Last year at this time, I was tied to my bed for two weeks, fighting an inner darkness that appeared in the form of life-gripping anxiety—the kind that leaves your body weak and your skin crawling and food tasteless in your mouth.
I’d be wrong if I didn’t admit to giving into hopelessness at some point. Two weeks can feel like a long time, especially when you don’t know how long the anxiety will last. I questioned how long God would let me stay paralyzed, how long it would take for him to rescue me. Faith felt like a risky thing, but I put it into my mind that I had been through this a few times before and had gotten out of it, as the saying goes, “This too shall pass.”
These paralytic episodes sprouted from what had happened four years ago, and every year since then, it’s like it’s happening again. Even though I’m not in it anymore, my body remembers, still angry at the harm that had been done to it, lashing out through self-sabotage. The first time it happens, you think you are dying. Then it happens a second and third time, and it still feels like you’re dying but also becomes sickly normal.
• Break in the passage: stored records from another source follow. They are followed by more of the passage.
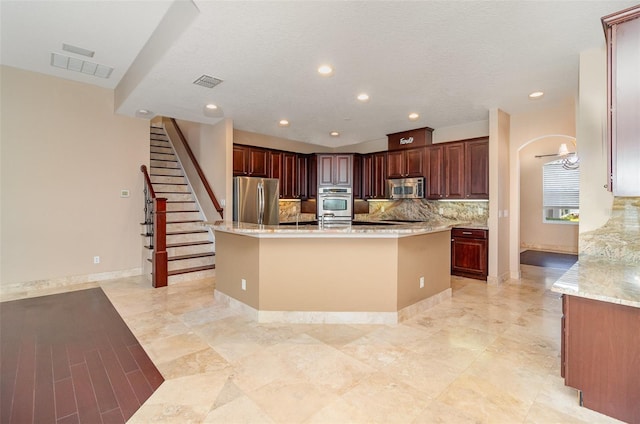 kitchen with tasteful backsplash, an island with sink, visible vents, and stainless steel appliances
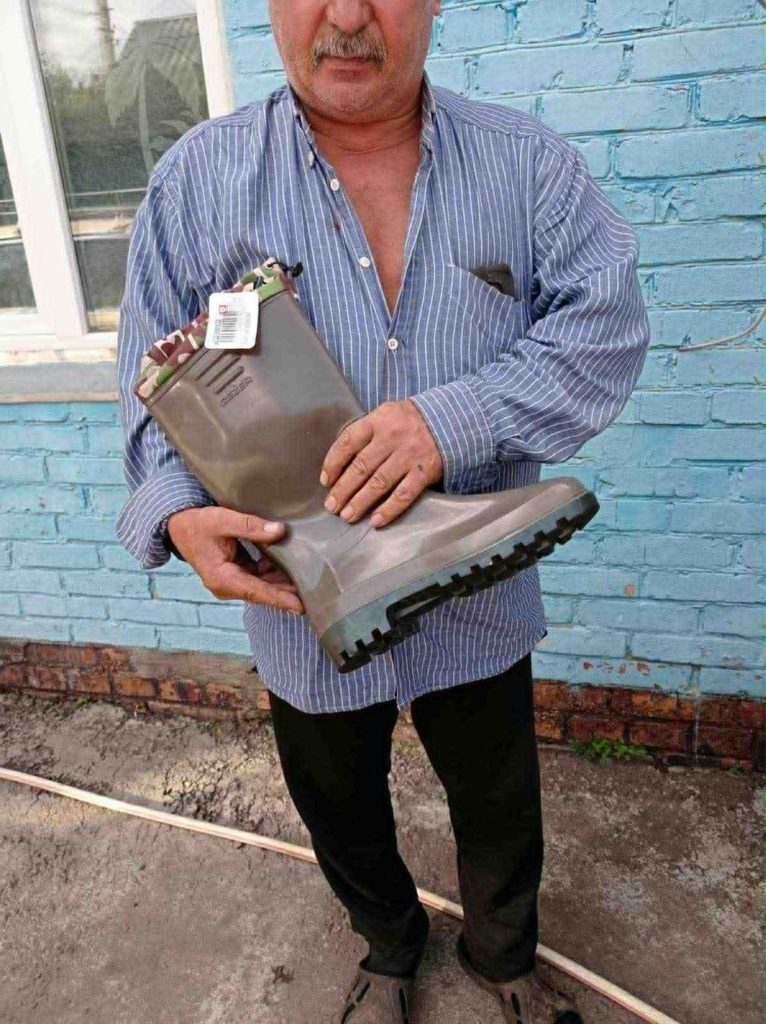 Man holding a new pair of sturdy rubber boots provided as aid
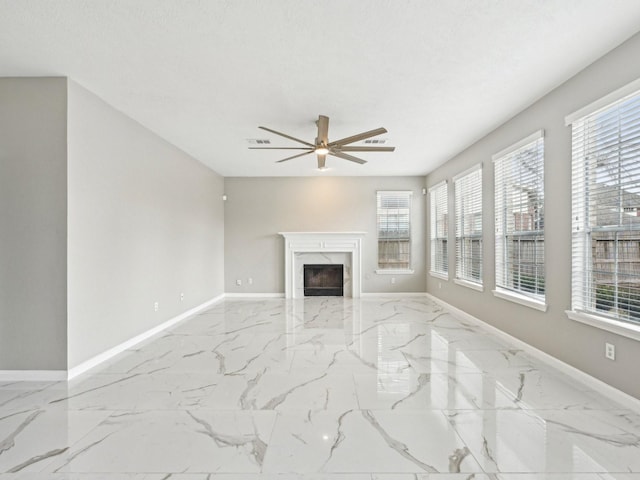 living room featuring a textured ceiling, a high end fireplace, and ceiling fan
During the week leading up to Easter Sunday, or what Christians call “Holy Week,” I started having flashbacks of the day I had climbed over the railing of my ex-boyfriend’s balcony, looking over my shoulder to the ground below, calculating if the fall would be high enough. It’s a memory I’ve tucked far away. The desperate girl I became that day—the one who looked death in the face and found it appealing—still really scares me, mostly because I am afraid she will someday come back.
The flashbacks came out of nowhere. It was April, nowhere near October, and my first response was to be angry, maybe even shameful, that four years later, I was still having to deal with the effects of what had happened then.
My second judgment pushed me toward a kinder alternative: I’m learning these jarring moments aren’t shaming sessions God is punishing me with. They are so much sweeter. They are “kairos” moments, invitations to pause and enter into revelation. It was because the flashbacks were so out of place that they felt intentional, so I leaned in.
As the week progressed, I had several more flashbacks of the same image, except the lens had changed, like I suddenly had an ability to see a part of the picture I couldn’t see before. I saw myself clinging to the railing of the balcony, crying out in the hopes that someone would help me, and I could now also see God’s hands. Great, giant hands circling around me, creating an airspace where nothing would harm me, not even myself.
As much as I am ready to move on from that day on the balcony, God is still bringing me back to it, telling me there is more he wants to heal in me. I want to believe that the work God and I have done this year hasn’t just been emotional or spiritual but physical, too. I came into September and October bracing for the attack on my body I thought for sure would come. We’re halfway through October, and I am still standing. There have been minimal moments of anxiety and depression and no suicidal thoughts. Maybe one of these Octobers, it will only be a memory.